-- Data follows --

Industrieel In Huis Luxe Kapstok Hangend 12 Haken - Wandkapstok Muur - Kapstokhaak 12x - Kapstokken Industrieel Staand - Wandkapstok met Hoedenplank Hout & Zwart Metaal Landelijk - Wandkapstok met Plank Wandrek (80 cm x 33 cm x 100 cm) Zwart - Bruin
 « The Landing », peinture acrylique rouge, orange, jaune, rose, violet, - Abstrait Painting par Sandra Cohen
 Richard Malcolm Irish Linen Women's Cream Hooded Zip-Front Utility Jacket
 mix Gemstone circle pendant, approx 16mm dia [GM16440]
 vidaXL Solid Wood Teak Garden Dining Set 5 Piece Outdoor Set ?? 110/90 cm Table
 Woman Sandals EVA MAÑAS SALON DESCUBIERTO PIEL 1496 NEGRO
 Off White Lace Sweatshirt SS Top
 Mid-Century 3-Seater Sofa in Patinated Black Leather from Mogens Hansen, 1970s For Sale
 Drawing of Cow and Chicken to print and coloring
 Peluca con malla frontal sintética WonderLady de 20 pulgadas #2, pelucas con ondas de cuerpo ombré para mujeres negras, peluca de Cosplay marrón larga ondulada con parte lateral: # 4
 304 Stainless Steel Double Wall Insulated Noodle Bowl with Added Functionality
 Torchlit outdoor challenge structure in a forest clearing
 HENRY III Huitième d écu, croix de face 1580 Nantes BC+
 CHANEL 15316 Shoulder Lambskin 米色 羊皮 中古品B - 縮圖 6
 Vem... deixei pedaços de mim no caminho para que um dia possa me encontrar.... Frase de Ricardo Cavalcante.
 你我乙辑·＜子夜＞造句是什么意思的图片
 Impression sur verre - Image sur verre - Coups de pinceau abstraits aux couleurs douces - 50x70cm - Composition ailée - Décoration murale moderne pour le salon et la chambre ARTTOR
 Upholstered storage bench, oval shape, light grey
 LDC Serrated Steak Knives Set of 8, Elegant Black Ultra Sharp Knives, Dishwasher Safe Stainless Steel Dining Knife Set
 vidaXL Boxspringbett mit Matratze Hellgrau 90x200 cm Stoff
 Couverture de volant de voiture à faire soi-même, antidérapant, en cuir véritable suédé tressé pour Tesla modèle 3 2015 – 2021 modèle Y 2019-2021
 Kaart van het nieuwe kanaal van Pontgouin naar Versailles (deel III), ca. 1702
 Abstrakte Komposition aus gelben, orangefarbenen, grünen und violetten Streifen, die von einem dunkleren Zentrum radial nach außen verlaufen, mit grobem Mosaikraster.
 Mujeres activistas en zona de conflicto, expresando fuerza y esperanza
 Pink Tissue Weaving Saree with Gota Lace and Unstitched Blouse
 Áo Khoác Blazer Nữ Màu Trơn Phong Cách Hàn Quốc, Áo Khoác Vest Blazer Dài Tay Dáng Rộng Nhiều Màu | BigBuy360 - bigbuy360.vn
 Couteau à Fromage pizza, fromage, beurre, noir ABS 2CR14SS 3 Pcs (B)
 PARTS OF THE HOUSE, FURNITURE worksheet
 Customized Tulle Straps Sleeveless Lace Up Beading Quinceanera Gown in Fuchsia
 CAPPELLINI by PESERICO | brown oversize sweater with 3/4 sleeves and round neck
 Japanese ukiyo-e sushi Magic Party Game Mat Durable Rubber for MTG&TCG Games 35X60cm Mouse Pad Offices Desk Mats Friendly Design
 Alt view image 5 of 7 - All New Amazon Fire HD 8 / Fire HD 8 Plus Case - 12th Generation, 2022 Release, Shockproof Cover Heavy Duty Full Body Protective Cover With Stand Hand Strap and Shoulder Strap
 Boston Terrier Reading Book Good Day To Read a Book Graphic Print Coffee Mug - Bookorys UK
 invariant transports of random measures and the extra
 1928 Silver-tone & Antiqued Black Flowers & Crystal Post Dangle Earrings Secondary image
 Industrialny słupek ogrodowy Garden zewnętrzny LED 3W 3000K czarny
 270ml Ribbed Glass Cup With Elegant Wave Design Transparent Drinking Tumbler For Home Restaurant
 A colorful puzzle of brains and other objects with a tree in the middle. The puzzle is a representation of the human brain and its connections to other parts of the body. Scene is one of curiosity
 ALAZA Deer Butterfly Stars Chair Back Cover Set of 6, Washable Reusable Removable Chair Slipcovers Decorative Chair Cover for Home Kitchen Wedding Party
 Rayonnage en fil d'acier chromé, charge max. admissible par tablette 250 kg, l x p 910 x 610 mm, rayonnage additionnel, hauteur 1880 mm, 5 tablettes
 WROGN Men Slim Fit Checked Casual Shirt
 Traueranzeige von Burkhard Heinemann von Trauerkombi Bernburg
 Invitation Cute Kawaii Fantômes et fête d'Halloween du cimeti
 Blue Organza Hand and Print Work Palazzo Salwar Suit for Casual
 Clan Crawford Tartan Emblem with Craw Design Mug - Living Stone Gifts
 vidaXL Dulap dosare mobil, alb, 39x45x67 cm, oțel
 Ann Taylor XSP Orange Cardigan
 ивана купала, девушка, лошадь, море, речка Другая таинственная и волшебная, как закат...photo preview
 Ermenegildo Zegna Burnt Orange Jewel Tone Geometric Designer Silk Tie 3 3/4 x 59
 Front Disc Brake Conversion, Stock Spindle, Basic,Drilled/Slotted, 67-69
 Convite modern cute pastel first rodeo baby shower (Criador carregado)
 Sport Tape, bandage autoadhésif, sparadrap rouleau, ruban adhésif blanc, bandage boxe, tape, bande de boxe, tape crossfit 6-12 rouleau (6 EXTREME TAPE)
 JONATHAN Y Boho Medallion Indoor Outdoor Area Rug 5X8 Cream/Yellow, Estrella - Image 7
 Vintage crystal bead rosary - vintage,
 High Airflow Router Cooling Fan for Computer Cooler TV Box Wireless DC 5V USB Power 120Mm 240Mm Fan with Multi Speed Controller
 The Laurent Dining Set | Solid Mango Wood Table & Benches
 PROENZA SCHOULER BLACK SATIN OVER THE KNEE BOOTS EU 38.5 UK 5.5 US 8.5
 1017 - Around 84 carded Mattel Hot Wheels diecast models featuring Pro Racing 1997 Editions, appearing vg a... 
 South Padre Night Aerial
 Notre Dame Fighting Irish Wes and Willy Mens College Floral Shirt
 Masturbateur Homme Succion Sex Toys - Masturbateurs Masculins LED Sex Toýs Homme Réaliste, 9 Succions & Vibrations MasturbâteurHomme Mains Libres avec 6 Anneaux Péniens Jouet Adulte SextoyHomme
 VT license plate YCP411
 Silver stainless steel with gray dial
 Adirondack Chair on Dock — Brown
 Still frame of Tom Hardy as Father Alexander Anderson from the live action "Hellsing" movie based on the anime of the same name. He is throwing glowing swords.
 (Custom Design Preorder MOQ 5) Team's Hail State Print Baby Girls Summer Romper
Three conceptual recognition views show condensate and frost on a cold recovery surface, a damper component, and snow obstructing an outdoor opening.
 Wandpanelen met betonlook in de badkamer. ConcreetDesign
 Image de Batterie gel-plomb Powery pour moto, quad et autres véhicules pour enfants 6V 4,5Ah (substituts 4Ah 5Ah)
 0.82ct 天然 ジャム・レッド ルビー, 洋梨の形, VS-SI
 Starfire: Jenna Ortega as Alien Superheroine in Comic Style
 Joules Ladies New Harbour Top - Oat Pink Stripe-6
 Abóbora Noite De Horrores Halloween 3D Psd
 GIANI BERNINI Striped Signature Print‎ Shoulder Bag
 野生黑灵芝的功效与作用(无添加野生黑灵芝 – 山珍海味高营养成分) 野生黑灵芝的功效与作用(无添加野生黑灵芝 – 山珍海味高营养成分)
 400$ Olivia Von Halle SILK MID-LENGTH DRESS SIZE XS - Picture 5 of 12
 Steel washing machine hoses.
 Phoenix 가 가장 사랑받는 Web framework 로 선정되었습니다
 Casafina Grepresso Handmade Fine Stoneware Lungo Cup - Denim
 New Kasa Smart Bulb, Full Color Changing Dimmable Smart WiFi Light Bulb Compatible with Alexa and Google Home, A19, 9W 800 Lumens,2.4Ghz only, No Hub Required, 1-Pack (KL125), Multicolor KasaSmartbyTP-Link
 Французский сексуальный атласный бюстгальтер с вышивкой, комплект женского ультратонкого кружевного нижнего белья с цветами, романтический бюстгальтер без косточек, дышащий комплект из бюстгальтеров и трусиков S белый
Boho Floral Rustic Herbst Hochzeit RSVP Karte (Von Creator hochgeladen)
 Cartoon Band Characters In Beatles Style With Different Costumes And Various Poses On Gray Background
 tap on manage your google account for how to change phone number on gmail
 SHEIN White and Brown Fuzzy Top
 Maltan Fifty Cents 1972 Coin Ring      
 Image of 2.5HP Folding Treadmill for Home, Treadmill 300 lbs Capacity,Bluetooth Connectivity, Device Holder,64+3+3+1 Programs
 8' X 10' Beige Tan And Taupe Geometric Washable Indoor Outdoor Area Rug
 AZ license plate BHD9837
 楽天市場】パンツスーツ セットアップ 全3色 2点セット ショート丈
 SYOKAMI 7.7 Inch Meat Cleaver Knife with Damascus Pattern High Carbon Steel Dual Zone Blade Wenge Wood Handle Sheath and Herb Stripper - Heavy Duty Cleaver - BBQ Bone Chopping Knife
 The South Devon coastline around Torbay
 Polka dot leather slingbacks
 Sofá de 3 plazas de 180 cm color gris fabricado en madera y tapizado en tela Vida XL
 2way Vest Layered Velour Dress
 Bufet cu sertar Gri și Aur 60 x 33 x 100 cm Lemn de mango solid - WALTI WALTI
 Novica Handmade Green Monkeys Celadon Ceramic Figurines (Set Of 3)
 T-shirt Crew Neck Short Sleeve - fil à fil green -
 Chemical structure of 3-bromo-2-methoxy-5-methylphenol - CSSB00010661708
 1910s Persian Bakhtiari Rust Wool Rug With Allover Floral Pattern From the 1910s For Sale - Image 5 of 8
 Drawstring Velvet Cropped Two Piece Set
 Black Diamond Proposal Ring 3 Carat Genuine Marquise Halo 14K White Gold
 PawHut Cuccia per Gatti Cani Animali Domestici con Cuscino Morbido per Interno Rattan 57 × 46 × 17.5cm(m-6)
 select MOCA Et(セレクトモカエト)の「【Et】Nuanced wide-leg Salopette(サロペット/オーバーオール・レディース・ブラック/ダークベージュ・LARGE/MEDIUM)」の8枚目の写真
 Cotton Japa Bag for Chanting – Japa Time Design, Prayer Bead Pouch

-- Data concluded --

Your goal: Return the span of lines in the data above that opens at the line with "Invitation Cute Kawaii" and closes at the line with "vidaXL Dulap dosare", exactly, ends included, nothing else.

Written response:
 Invitation Cute Kawaii Fantômes et fête d'Halloween du cimeti
 Blue Organza Hand and Print Work Palazzo Salwar Suit for Casual
 Clan Crawford Tartan Emblem with Craw Design Mug - Living Stone Gifts
 vidaXL Dulap dosare mobil, alb, 39x45x67 cm, oțel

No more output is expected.